Here are the truth tables for P^Q, PvQ:
Since each P and Q can have 2 different values (true or false), there are 4 total possibilities: true true, true false, false true, false false. The trick to exhausting all possibilities in a truth table is to list P as T twice then F twice, and alternate Q every other one.
P^Q is true only when both P and Q are true, and P v Q is false only when both P and Q are false.
When P is true, ~P is false. When P is false, ~P is true.
In the first image, since there are 2 propositions, there are 4 lines. In the second image, since there is 1 proposition, there are 2 lines. In general, when there are N propositions, there are 2^N lines. So if there were 3 propositions, there would be 2^3 = 8 lines in our truth table. If there were 4 propositions, there would be 2^4 = 16 lines.

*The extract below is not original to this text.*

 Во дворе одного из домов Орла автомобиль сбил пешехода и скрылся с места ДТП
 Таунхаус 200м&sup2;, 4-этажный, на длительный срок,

When making an 8 line truth table with variables P, Q, R, we would first list P true 4 times then false 4 times: TTTTFFFF, list Q true 2 times then false 2 times then repeat: TTFFTTFF, and alternate R every other one TFTFTFTF. This gives us the 8 possibilities: TTT, TTF, TFT, TFF, FTT, FTF, FFT, FFF.
Equivalence
Two propositional forms are equivalent if and only if they have the same truth table.
A truth table shows that ~(P^Q) is equivalent to (~P) v (~Q). This is known as one of De Morgan’s Laws and we will introduce it next blog
Once again, notice the distinction between propositions and propositional forms. Propositions have only one truth value so we don’t look at truth tables to decide their equivalence. Propositional forms are neither true nor false; they have the value true for some assignments and the value false for other assignments. So o decide equivalence of propositional forms, we compare truth tables.
Tautologies are propositional forms that are always true for every assignment of truth values to their components. The easiest example is P v ~P. Either P is true or ~P is true, but P v ~P is always true.
A contradiction is the negation of a tautology. For instance ~(P v ~P) is a contradiction: it is always false.
Summary/Recap:
-Propositions are sentences that can be either true or false.
-Compound propositions are finitely many propositions connected by logical symbols
-Propositional forms are expressions involving finitely many logical connectors and letters.
-a paradox is a sentence that leads to a self-contradictory conclusion.
-Use letters such as P, Q, R, S to shorthand propositions
-"P and Q" = P^Q
-"P or Q" = P v Q
-"not P" = ~P
-truth tables with N propositions have 2^N lines
-When two compound propositional forms have identical truth tables they are equivalent
-Tautologies are always true
-Contradictions are the negation of tautologies.